O estudo divulgado pela plataforma CupomValido a partir de dados do OCDE e do World Bank sobre a remuneração de trabalhadores no mundo mostra que a Austrália é a que oferece o melhor salário mínimo e o México, o pior, com o Brasil vindo logo em seguida.
Política de desvalorização do salário mínimo
Desde que assumiu, o presidente Bolsonaro vem seguindo à risca o abandono da política de valorização real do salário mínimo defendido por seu ministro da Economia, Paulo Guedes.

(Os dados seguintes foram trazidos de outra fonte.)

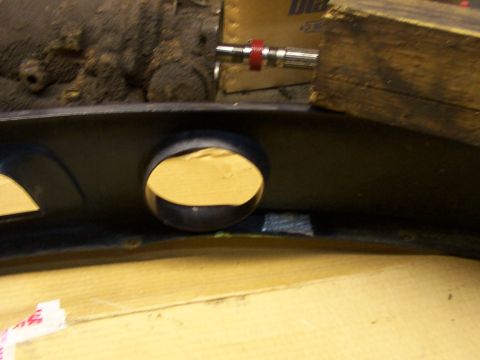 1995 Ford C-350 (Centurion Conversions) - This image shows a part of a vehicle's front bumper with two openings.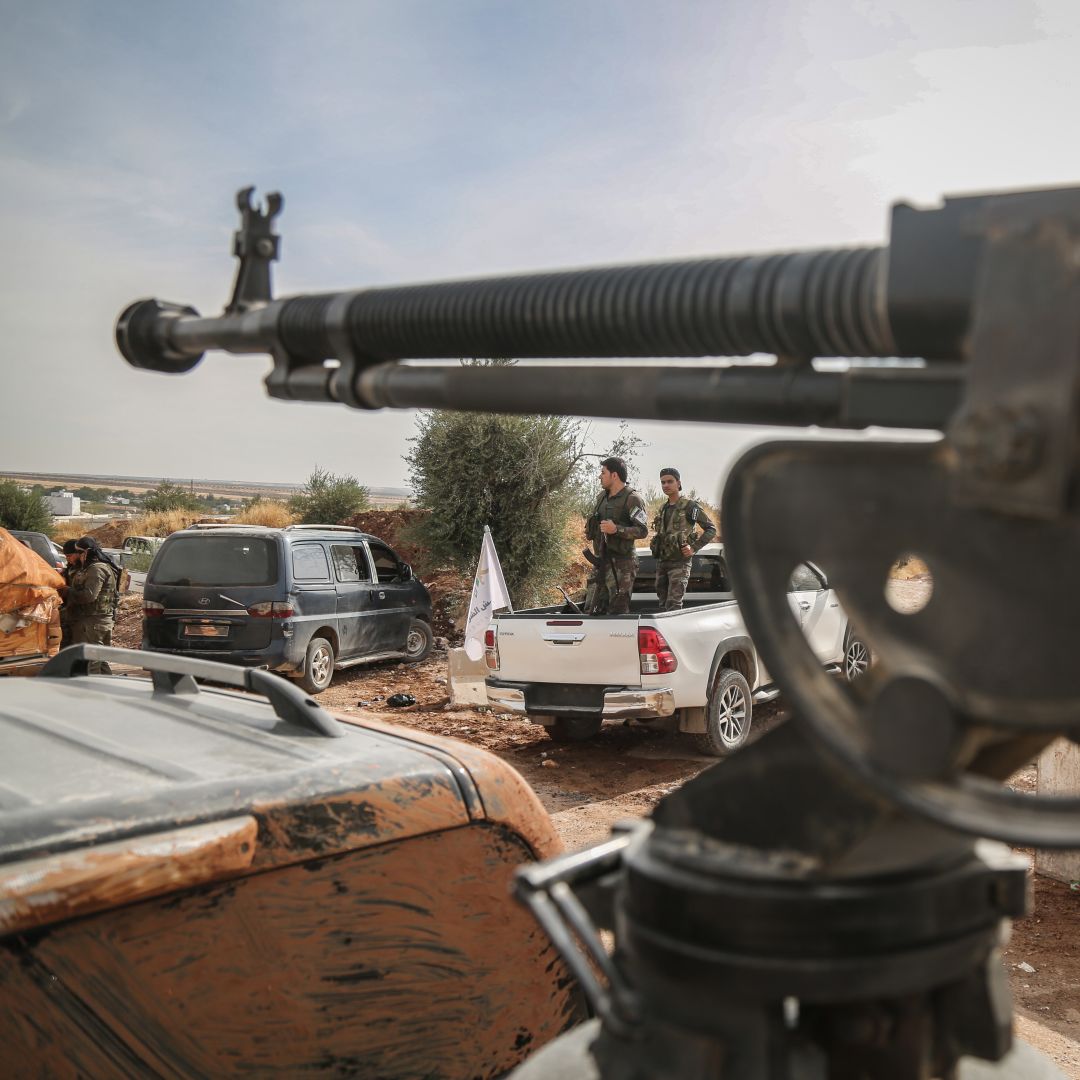 This photo shows fighters with the Turkish-backed Syrian National Army gathered near the Turkish border in northeastern Syria on Oct. 11, 2019.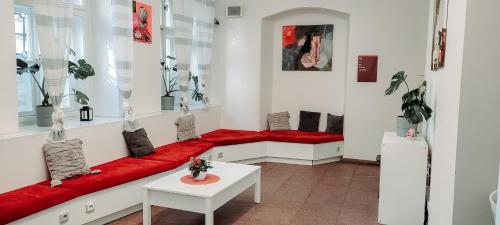 a living room with a red couch and a table at Safestay Prague Charles Bridge in Prague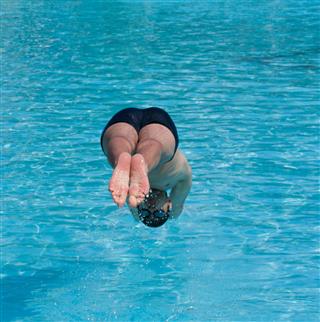 Swimmer Jumping Into Water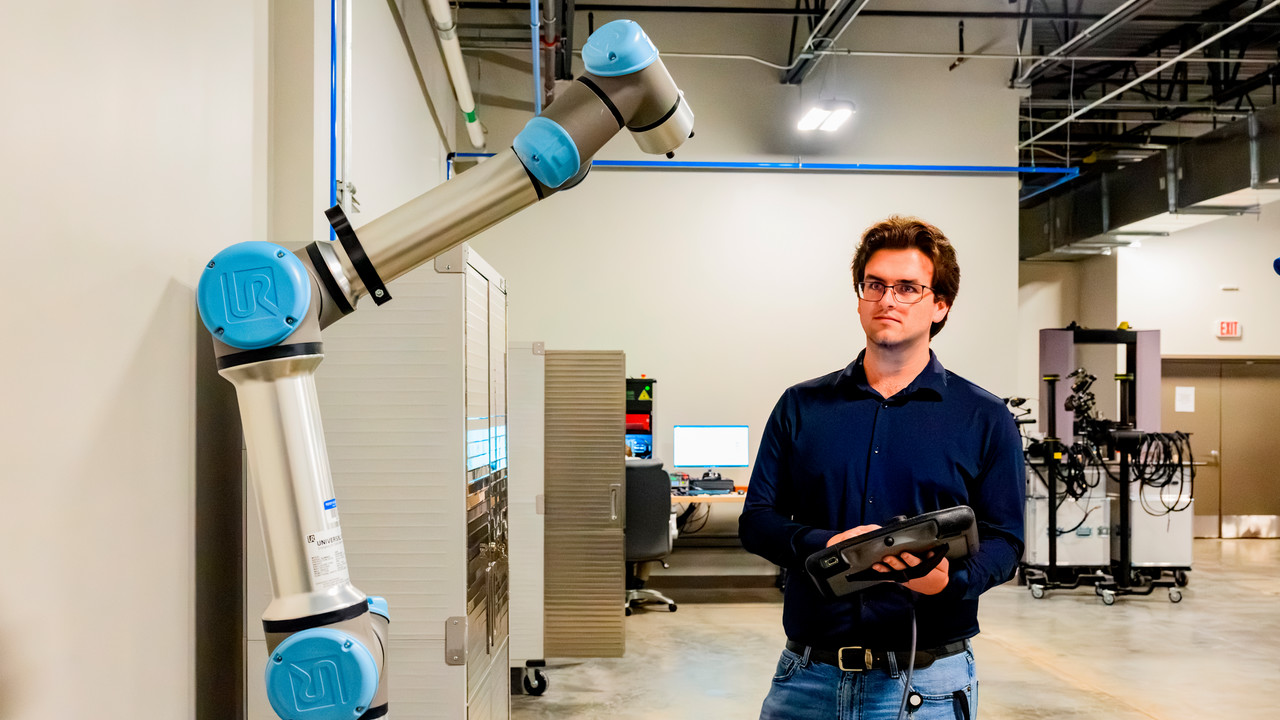 engineer working with robotic arm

Em setembro de 2020, Guedes – cuja política econômica fez engordar suas contas em paraíso fiscal nas Ilhas Virgens - chegou a afirmar que é preciso ter “cuidado” ao fazer esse tipo de ajuste, já que o aumento do salário mínimo poderia condenar pessoas ao desemprego.
Conforme explica a economista e doutora em Desenvolvimento Econômico pela Unicamp, Juliane Furno, a ideia vocalizada por Guedes é a de uma perspectiva liberal econômica.
"Por exemplo, em períodos de crise como o que a gente está vivendo, a existência de um salário mínimo seria um impeditivo para que mais pessoas adentrassem no mercado de trabalho, porque existem pessoas dispostas a trabalhar e a contratar, mas essas dispostas a contratar não poderiam pagar o mínimo, e as que estão dispostas a trabalhar se disporiam a trabalhar por menos que o mínimo", ilustra Furno.
Para a economista, no entanto, essa correlação "é um mito": "No período em que vigorou a política de valorização do salário mínimo o desemprego chegou em sua menor marca histórica. E a informalidade cedeu também".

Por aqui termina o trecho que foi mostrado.